Retype the data below exactly, skipping pictures.

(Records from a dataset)
☆ ☆ ☆ ☆ ☆
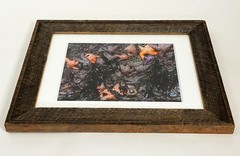 RODNEY LOUGH JR ORIG FRAMED GICLEE PHOTOGRAPH POINT REYES CALIFORNIA TIDE POOLS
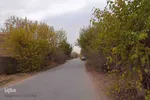 طبیعت پاییزی یزد در قاب تصویر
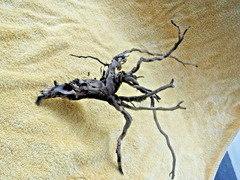 NATURAL SPIDER LIKE ROOT WOOD REPTILE TERRARIUM DECORATION ART GARDEN PET FLORAL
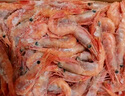 鲜京采 原装进口格陵兰北极甜虾刺身2斤装 90-150只/kg 即食 MSC认证 实拍图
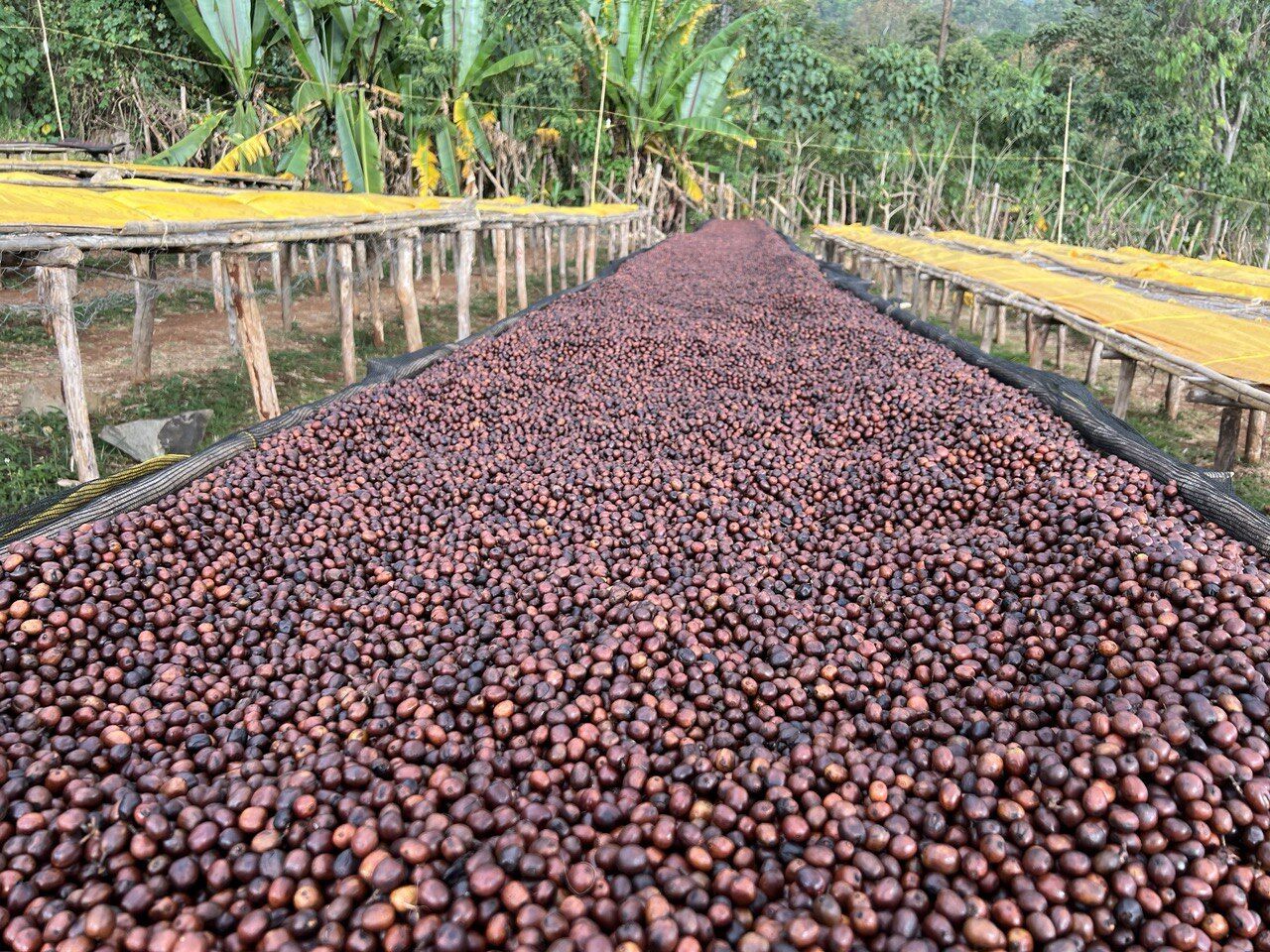 Wachile Garse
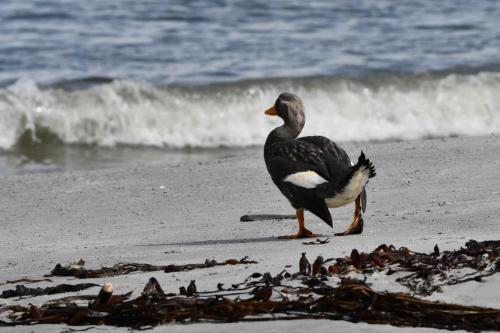 Brassemer des Malouines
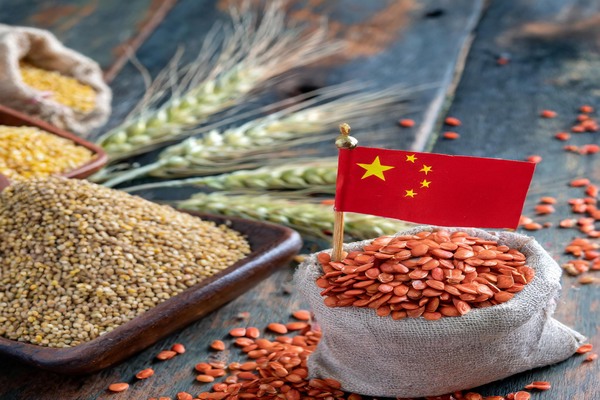 China Poised to Set Import Record for Grain and Oil Crops in 2024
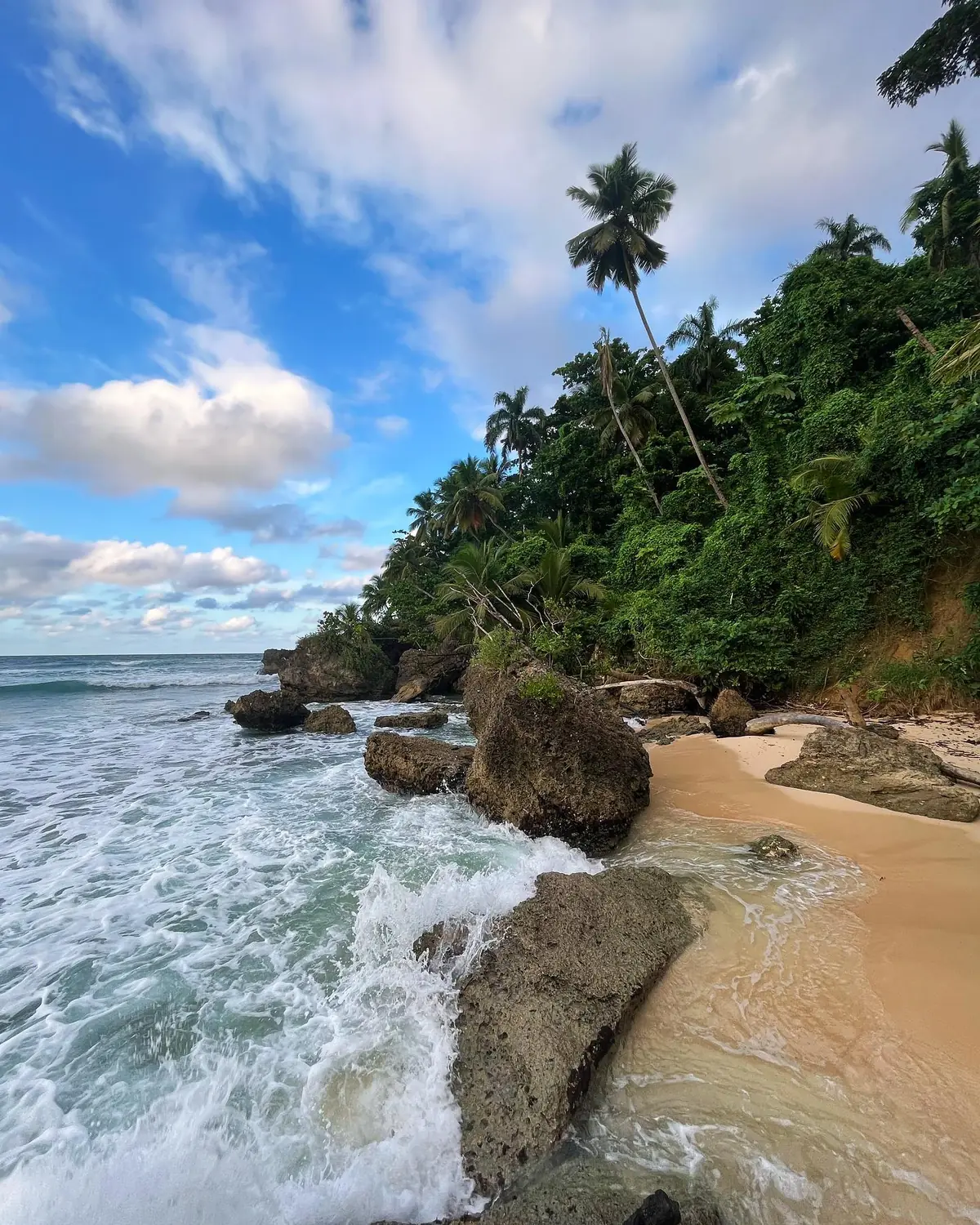 A rugged, rocky coastline with crashing surf and jungle cliffs in Samaná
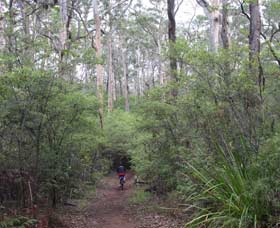 Margaret River Rails Trail - SA Accommodation 0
☆ ☆ ☆ ☆ ☆
*TASK ANSWER*:
 RODNEY LOUGH JR ORIG FRAMED GICLEE PHOTOGRAPH POINT REYES CALIFORNIA TIDE POOLS
 طبیعت پاییزی یزد در قاب تصویر
 NATURAL SPIDER LIKE ROOT WOOD REPTILE TERRARIUM DECORATION ART GARDEN PET FLORAL
 鲜京采 原装进口格陵兰北极甜虾刺身2斤装 90-150只/kg 即食 MSC认证 实拍图
 Wachile Garse
 Brassemer des Malouines
 China Poised to Set Import Record for Grain and Oil Crops in 2024
 A rugged, rocky coastline with crashing surf and jungle cliffs in Samaná
 Margaret River Rails Trail - SA Accommodation 0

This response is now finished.